The provider may occasionally send signals that disrupt illegal de-scramblers, as an electronic
counter measure (ECM) against illegal users.

MP3

The first mp3 player was invented by a South Korean company in 1997 and it had a
data storage capacity of just 32 megabytes. Several improvements have been made in it since
then; especially its storage space has been increased to 160 gigabytes in the latest ones.
Several companies are in market and are competing with each other to attract attention of the
customers by adding new features in their latest players.

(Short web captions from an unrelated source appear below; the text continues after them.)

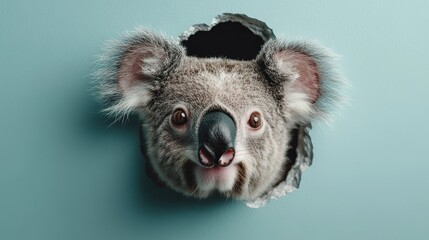 A koala with a gentle expression looks out from a jagged hole in a blue wall, its fluffy appearance and attentive gaze creating a striking and intriguing visual contrast.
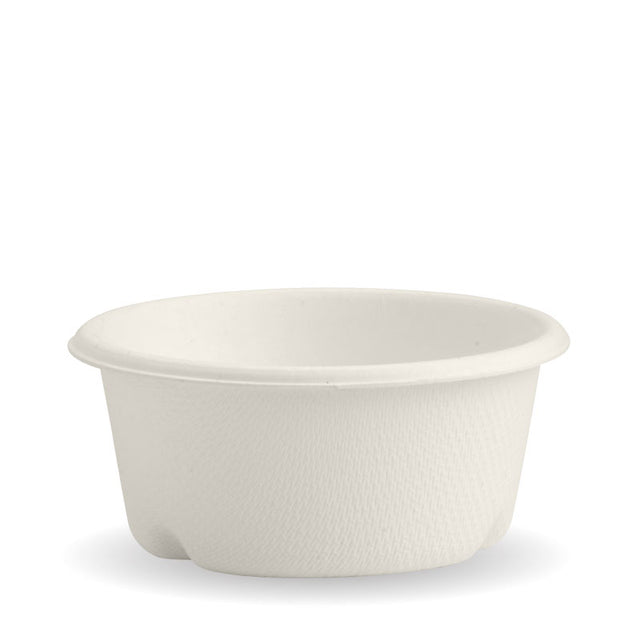 Sugarcane Sauce Cup - White, 60ml (Box of 1000) from BioPak. Compostable, made out of Sugarcane and sold in boxes of 1. Hospitality quality at wholesale price with The Flying Fork! 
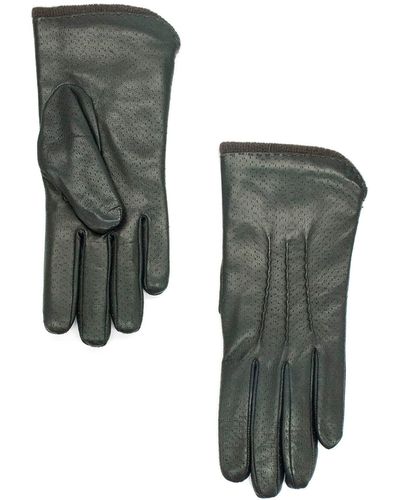 Portolano Knit Lined Leather Gloves - Green
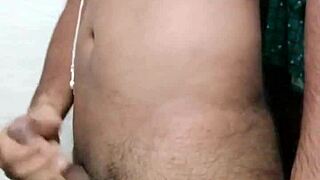 Can't resist masturbating his monster cock, Indian Desi Gay solo.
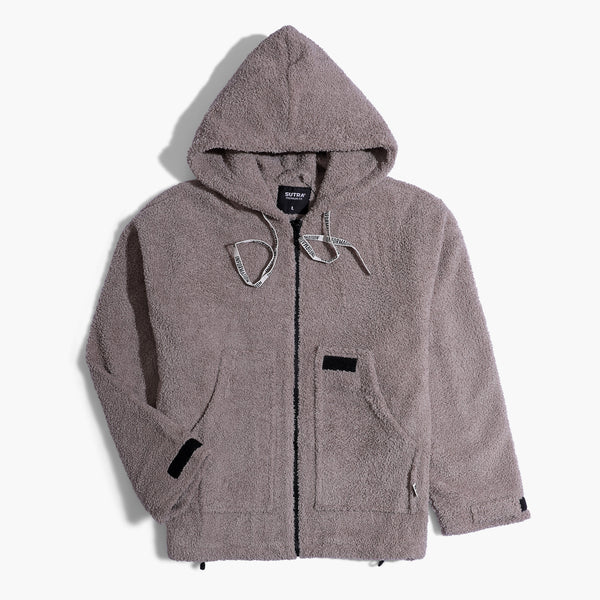 Fur Hoodie Zipped Jacket SHA-Beige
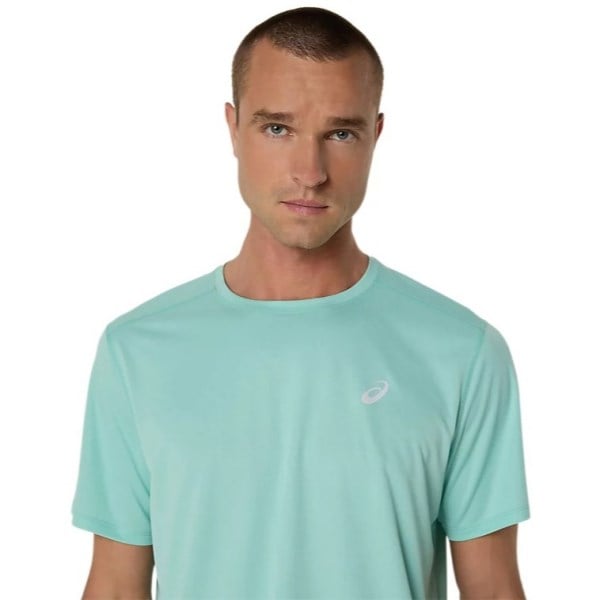 Asics Silver Mens Short Sleeve Running T-Shirt - Oasis Green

There are several kinds of mp3 players in the market but they can be classified in three major
groups. First type is hard drive based and it is heavy as compared to others because a large
sized hard drive is incorporated in it to provide a large data storage capacity of about 10
gigabytes in which a person can store about 3000 mp3 files. Their only drawback is their
heavy size.

Second type is micro hard drive based and in this type a small hard drive is incorporated to
reduce weight as well as the physical size. It has a storage capacity of about 6 gigabytes and
can store about 1750 mp3 files. Most of the customers prefer this type because of its light
weight and moderate storage capacity. In addition it has rechargeable batteries to supply
power to the device.

Third type is known as flash based and it has no moving parts in it which makes it less energy
consuming causing the batteries to last for a longer time. It has less storage space as
compared to the two previous types, ranging from 32 megabytes to about 2 megabytes. Non-
rechargeable batteries are usually used in it and can be replaced by the new ones even in
middle of the use. Most of the people with huge music collection don't like this type because
of low storage capacity.
Multichannel audio

The term "multichannel audio" refers to the use of multiple audio tracks to reconstruct
sound on a multi-speaker sound system.

Two digits separated by a decimal point (2.1, 5.1, 6.1, 7.1, etc.) are used to classify the
various kinds of speaker set-ups, depending on how many audio tracks are used.

The first digit shows the number of primary channels, each of which are reproduced on a
single speaker, while the second refers to the presence of a Low Frequency Effect (LFE for
short), which reproduced on a subwoofer. Thus, 1.0 corresponds to mono sound (meaning
one-channel) and 2.0 correspond to stereo sound.

5.1 Setup

The physical configuration of the speakers in a 5.1 surround system is of utmost importance,
as it directly influences sound quality and the realizm of audio effects.

For best results, there are a number of rules to follow when placing each speaker:

1. Front speakers should preferably be placed at the height of the ears of a seated
listener. The rear (surround) speakers must be positioned slightly above this height.
2. The left and right front speakers must be placed one on each side of the television set,
both at the same distance. In practice, they should each form a 25° to 45° angle
with the listener.
3. The central speaker must be placed directly above or below the TV set, as it is
primarily used to relay the main actors' dialogue.
4. The subwoofer may be placed anywhere in the room, but preferably on the ground, so
as to better transmit the vibrations. It is best to try out different locations in the room.
5. The optimal position for the rear speakers is a short way back from the listener,
forming a 90° to 110° angle with him or her.
7.1 Setup

A 7.1 setup bridges the gap between the two rear speakers, using not one, but two speakers.